Tonight's page opens to: 1 Corinthians 7:1-16
Questions about MarriageWow, sounds like the Corinthians were having a tough time with the concept of marriage, perhaps particularly mixed-faith marriages. This reading is still very pertinent in our times. It seems that marriage is not taken as seriously now as it was in the past. Divorce seems to be the easy solution. How is it that we have come to a point where a lifetime commitment can be taken so lightly? (I like how St. Paul specifies what comes from him and what comes from God.)
Now, to deal with the matters you wrote about. A man does well not to marry. But because there is so much immorality, every man should have his own wife, and every woman should have her own husband. A man should fulfill his duty as a husband, and a woman should fulfill her duty as a wife, and each should satisfy the other's needs. A wife is not the master of her own body, but her husband is; in the same way a husband is not the master of his own body, but his wife is. Do not deny yourselves to each other, unless you first agree to do so for a while in order to spend your time in prayer; but then resume normal marital relations. In this way you will be kept from giving in to Satan's temptation because of your lack of self-control.
I tell you this not as an order, but simply as a permission. Actually I would prefer that all of you were as I am; but each one has a special gift from God, one person this gift, another one that gift.
Now, to the unmarried and to the widows I say that it would be better for you to continue to live alone as I do. But if you cannot restrain your desires, go ahead and marry - it is better to marry than to burn with passion.
For married people I have a command which is not my own but the Lord's: a wife must not leave her husband; but if she does, she must remain single or else be reconciled to her husband; and a husband must not divorce his wife.
To the others I say (I, myself, not the Lord): if a Christian man has a wife who is an unbeliever and she agrees to go on living with him, he must not divorce her. And if a Christian woman is married to a man who is an unbeliever and he agrees to go on living with her, she must not divorce him. For the unbelieving husband is made acceptable to God by being united to his wife, and the unbelieving wife is made acceptable to God by being united to her Christian husband.

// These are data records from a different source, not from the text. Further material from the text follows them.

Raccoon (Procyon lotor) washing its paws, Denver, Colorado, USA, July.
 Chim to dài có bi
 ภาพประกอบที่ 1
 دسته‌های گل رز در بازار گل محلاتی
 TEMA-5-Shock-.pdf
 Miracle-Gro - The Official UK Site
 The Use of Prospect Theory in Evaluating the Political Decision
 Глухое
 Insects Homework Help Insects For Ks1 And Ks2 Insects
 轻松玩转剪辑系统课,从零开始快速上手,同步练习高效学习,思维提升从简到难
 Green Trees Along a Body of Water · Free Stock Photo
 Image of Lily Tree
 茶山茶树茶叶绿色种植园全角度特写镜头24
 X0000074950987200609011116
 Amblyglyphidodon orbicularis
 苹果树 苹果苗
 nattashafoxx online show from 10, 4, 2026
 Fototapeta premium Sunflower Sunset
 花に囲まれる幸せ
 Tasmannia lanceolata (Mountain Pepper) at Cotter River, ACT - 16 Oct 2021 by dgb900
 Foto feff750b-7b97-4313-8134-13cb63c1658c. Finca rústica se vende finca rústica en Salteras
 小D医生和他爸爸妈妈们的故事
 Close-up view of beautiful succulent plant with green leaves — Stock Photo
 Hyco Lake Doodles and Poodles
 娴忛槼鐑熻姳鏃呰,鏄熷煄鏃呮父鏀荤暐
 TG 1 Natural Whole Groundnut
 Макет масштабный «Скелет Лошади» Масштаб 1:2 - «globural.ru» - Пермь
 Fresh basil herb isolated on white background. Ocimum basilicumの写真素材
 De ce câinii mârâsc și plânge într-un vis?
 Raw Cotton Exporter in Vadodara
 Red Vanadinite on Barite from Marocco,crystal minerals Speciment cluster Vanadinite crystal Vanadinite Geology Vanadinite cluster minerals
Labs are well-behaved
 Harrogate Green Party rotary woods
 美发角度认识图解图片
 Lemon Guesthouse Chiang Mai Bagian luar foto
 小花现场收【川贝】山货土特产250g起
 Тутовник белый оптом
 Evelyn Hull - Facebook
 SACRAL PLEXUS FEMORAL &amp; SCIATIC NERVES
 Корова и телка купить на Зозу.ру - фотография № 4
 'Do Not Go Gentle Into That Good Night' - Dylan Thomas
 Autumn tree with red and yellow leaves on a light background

If this were not so, their children would be like pagan children; but as it is, they are acceptable to God. However, if the one who is not a believer wishes to leave the Christian partner, let it be so. In such cases the Christian partner, whether husband or wife, is free to act. God has called you to live in peace. How can you be sure, Christian wife, that you will not save your husband? Or how can you be sure, Christian husband, that you will not save your wife?
The last paragraph of this reading brings me to an idea I have about "my marriage." (I'm pretty sure all girls think about what their marriage might be like one day... perhaps with the rare exception of those who know at an early age that they are being called to a religious vocation.) At any rate, I have always thought that the guy I marry must be Catholic... or be interested in RCIA. Why, you ask? welllll, I don't think that I could fully share my life with someone else who doesn't share in my values and beliefs. Don't get me wrong, there are many wonderful people in this world who share values and beliefs and they certainly aren't all Catholic. However, I feel that this is important in my life. When two people give their lives to eachother and become one, how does one choose which faith pathway to walk if they are not walking along the same pathway? Now, I'm certainly not saying that I would expect a potential marriage partner to be at the same point in their spiritual journey as each person's journey is very different. How can you share your lives if you don't share God?
Are you part of a mixed-faith marriage? Does it work for you? How do you make it work? (I know there is at least one person who reads this blog who might be able to share some insight... please do enlighten me!) Thanks!
While I have many more thoughts on this matter, perhaps I shall save them for another day and get some shut eye.
2 comments:
One of the joys of my mixed faith marriage is the constant challenge we offer each other. As software engineers Honey and I LOVE challenges! What I get out of it is a deeper understanding of my faith and what I believe. I don't blindly follow the Catholic doctrine. I can't because Honey won't let me simply go along with the motions. And there is no way he would let me 'brainwash' Princess with Catholic nonsense. I've had to justify and explain my faith and it has only helped bring me closer to God and deepen our relationship.
For Honey, well, he grew up in a place that did not accept religion. It took years for him to be comfortable walking into a church or place of worship. Yet he sees what comfort, joy and peace it brings to my life. He doesn't think that a person needs a particular religion to be good and faithful but he is seeing the value and coming to understand WHY people do choose to be active in a church and belong to any particular religion.
Ever person has a line in the sand, a breaking point on faith on what constitutes being too different. For us that was a belief in God the Creator. He still has questions as to the true nature of Jesus Christ (although - lucky for us - he does not deny that Jesus existed). Honey's just not sure if that person was/is the Savior and Son of God.
I just keep praying and teaching and hoping that God is using me to bring Honey closer to Him just as He has used Honey to bring make my relationship with God even stronger.
I hope this helps - and if you don't mind I think I'll post it on my blog. It's a fairly common question that I get asked and may help others.
It's a fairly common question and the answer you give here T, is also "to the T" in my life and many others with whom I have discussed this subject.